Software Architecture for Engineering Managers: Separation of Concerns
When building software applications, clarity of vision is essential. Principles are valuable in clarifying our vision in life because they guide our choices and behavior. In software development, architectural principles have the same effect on the choices and behavior we adopt when we build systems and applications. There are several fundamental software architecture principles to be aware of. This article focuses on the Separation of Concerns (SoC) principle, including what it is and why it matters.
Imagine visiting a home where cleaning chemicals were found next to produce in the refrigerator, the washing machine was located in the basement, and the dryer was up in the attic, and entering the house by the front door, back door, or garage door required not one, but three distinct keys. This scenario seems silly and irrational. Why? Because it's dangerous to store food and cleaning chemicals in the same location. Laundry would become more frustrating if switching loads required walking up and down multiple flights of steps. And requiring a homeowner to carry three different keys to enter their home is redundant. Yet, when the Separation of Concerns principle is ignored, our software can look like this hypothetical home.
What is the Separation of Concerns principle? It is the cause-and-effect experiential observation that divides systems or applications into distinct and manageable components with logical or physical boundaries. Each component fulfills a meaningful and intuitive role, which makes it easier to maintain, modify, and reuse individual components without negatively affecting the entire system.
The Model-View-Controller software design pattern is one example of the Separation of Concerns principle. It emphasizes separating data handling, display, and logic in an application.
Microservice architectures are another example of this principle. This approach establishes independent services comprising related functions responsible for doing one thing well. As a result, each service knows little to nothing about the others. Yet, communication between services is achieved using a defined communication strategy, such as APIs, a publisher-subscriber event-based approach, or remote-procedure calls.

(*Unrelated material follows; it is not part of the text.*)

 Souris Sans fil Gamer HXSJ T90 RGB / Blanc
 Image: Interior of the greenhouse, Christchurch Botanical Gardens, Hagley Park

A third example of the Separation of Concerns principle is the Open Systems Interconnection (OSI) model describing the seven layers computer systems use to communicate over a network. The OSI model creates boundaries between transmitting raw bit streams over a physical medium at the Physical Layer from deciding which paths the data will take at the Network Layer and ensuring that data is in a usable format at the Presentation Layer, with additional layers responsible for other distinct jobs.
When designing software with the Separation of Concerns principle in mind, several questions can ensure that best practices are followed.
As we plan, design, and build software systems and applications with the Separation of Concerns principle in mind, we experience several benefits, including increased modularity, improved maintainability, better code organization, increased reusability, improved testing, reduced coupling, and better scalability.
Overall, following the Separation of Concerns principle can lead to a more organized, maintainable, and scalable software system, reducing development costs and improving user satisfaction.